INPUT MATERIAL:
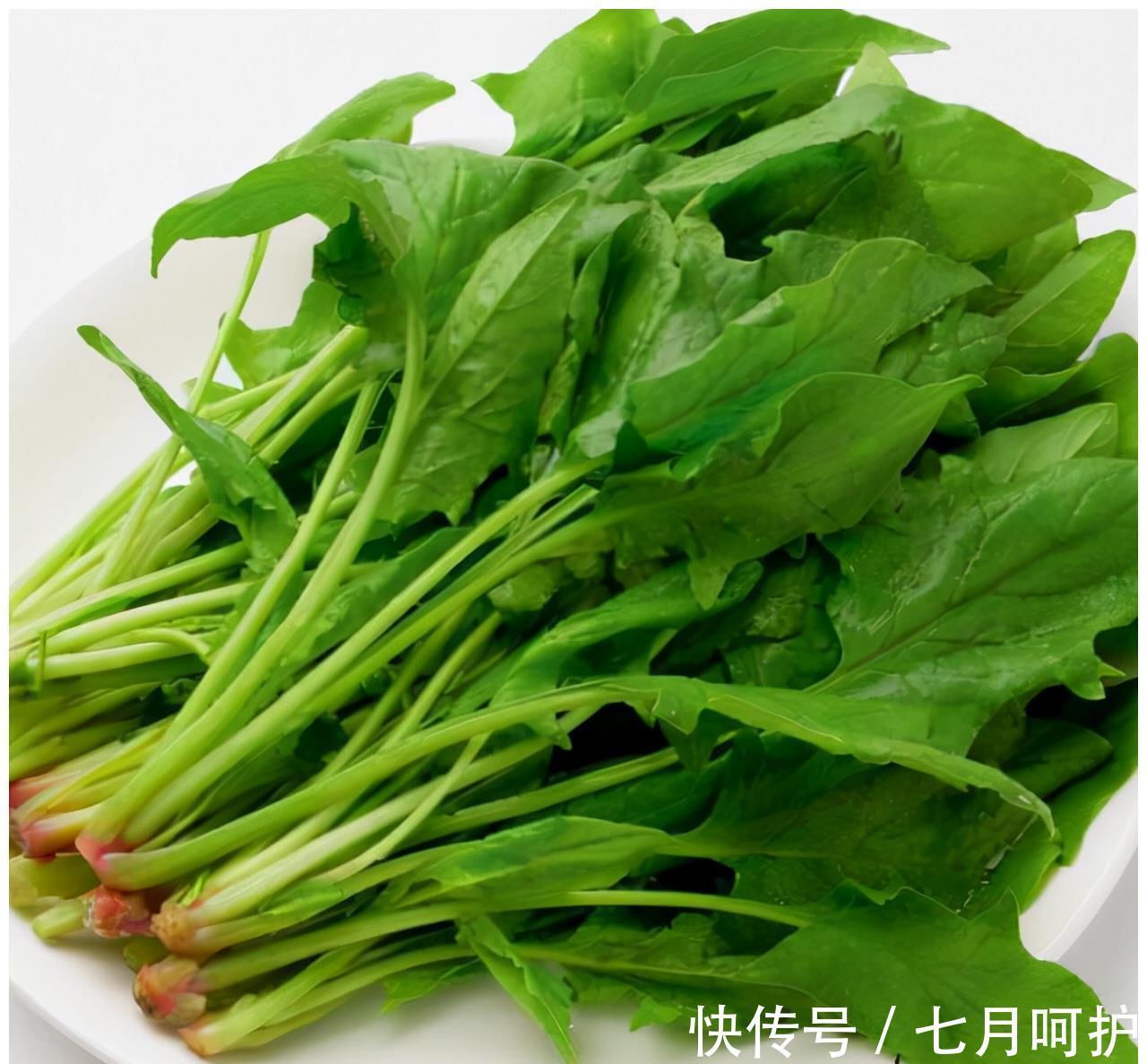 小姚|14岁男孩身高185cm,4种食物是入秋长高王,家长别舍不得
---
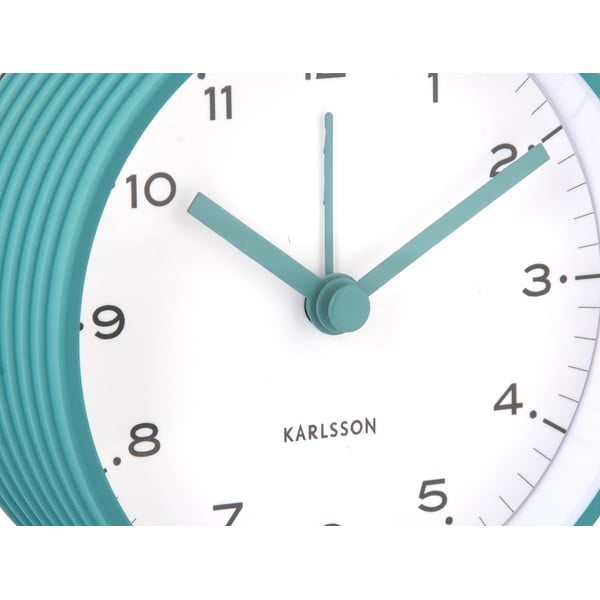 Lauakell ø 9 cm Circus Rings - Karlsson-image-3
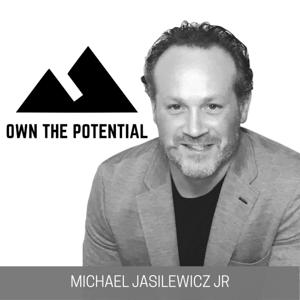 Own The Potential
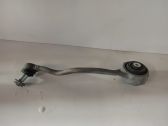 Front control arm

WORK REQUEST: Using the data above, set down each line from the line with "Lauakell ø 9 cm" to the line with "Front control arm" exactly, both ends included, and leave the pictures behind. Nothing else belongs.

THE COMPLETED TASK:
 Lauakell ø 9 cm Circus Rings - Karlsson-image-3
 Own The Potential
 Front control arm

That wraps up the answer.